# oversized map ?



## dkpbxman (Mar 6, 2006)

I have a detailed map of NYC that I'd like to hang on the wall. It originally was a rolled map that I had mounted on a 1/8" thick piece of foam-core so it now lies flat and is very light.

It's measurements are 41" x 51", and shows every street in the city (circa 1960)

I'd like to protect it with some kind of clear plastic/acrylic covering (a piece of glass that size would be WAY too expensive, I'm sure). 

Is there some kind of framing system that anybody can think of, that I could use? 
And any advice as to how to actually hang it?

Thanks for any help,
Dan


----------



## Square Eye (Mar 8, 2006)

You could build a frame with a rabbet deep enough to accept a 1/2" foamboard back, OR a 1/4" pc. of Luan underlayment grade plywood. You could glue the frame to the backing. Foamboard and plywood do not expand/contract much so the frame should stay tight.

Your picture frame could be assembled directly on the wall. Use a wide material for the frame with a 1/4" rabbet around the inside. Mount the bottom first, dead level. Mount one end, perfectly vertical. Set the map in the frame. Mount the other end then the top.

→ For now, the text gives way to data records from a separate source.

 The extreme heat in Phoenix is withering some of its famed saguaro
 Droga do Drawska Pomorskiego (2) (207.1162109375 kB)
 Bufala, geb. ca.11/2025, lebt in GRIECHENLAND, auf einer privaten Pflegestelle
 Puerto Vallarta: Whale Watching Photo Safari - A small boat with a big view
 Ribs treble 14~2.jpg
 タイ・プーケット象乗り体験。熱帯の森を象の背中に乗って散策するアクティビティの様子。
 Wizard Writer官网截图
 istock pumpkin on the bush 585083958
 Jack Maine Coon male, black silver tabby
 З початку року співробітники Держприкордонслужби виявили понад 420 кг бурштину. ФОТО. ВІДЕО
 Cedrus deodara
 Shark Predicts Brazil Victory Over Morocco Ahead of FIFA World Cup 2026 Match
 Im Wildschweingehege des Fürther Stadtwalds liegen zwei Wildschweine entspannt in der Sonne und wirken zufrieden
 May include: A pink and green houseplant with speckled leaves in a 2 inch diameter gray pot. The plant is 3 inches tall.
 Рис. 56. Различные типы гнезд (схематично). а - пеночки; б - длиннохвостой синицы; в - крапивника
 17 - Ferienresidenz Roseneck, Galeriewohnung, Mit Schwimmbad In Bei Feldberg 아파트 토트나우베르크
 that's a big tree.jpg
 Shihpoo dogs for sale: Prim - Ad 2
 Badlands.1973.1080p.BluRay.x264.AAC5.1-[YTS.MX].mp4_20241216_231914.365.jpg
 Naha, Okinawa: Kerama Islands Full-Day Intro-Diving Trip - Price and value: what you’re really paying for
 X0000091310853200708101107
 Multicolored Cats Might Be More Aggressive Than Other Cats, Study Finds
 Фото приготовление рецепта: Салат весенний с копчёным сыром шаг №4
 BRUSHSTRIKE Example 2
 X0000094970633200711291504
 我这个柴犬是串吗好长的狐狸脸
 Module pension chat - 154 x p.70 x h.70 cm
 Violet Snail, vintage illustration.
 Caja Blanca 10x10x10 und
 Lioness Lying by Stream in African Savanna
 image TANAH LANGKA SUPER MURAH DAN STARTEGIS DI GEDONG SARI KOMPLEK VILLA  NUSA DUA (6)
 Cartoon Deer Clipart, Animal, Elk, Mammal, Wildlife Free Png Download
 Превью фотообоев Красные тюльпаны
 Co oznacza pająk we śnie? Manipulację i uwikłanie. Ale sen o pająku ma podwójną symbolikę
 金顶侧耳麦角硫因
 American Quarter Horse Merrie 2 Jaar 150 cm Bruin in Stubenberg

Large museum canvases are sretched across a frame of wood with a non acidic cardboard or other medium that will not harm the piece. Maybe you could build such a frame.

Tom in KY, a glass cover would be best for it's hard, easy to clean, scratch resistant surface.


----------



## oldslowchevy (Mar 10, 2006)

i had the ace hardware store near me cut a peice of glass 48"x58" a few months back for $79.99 so it might be worth checking into


----------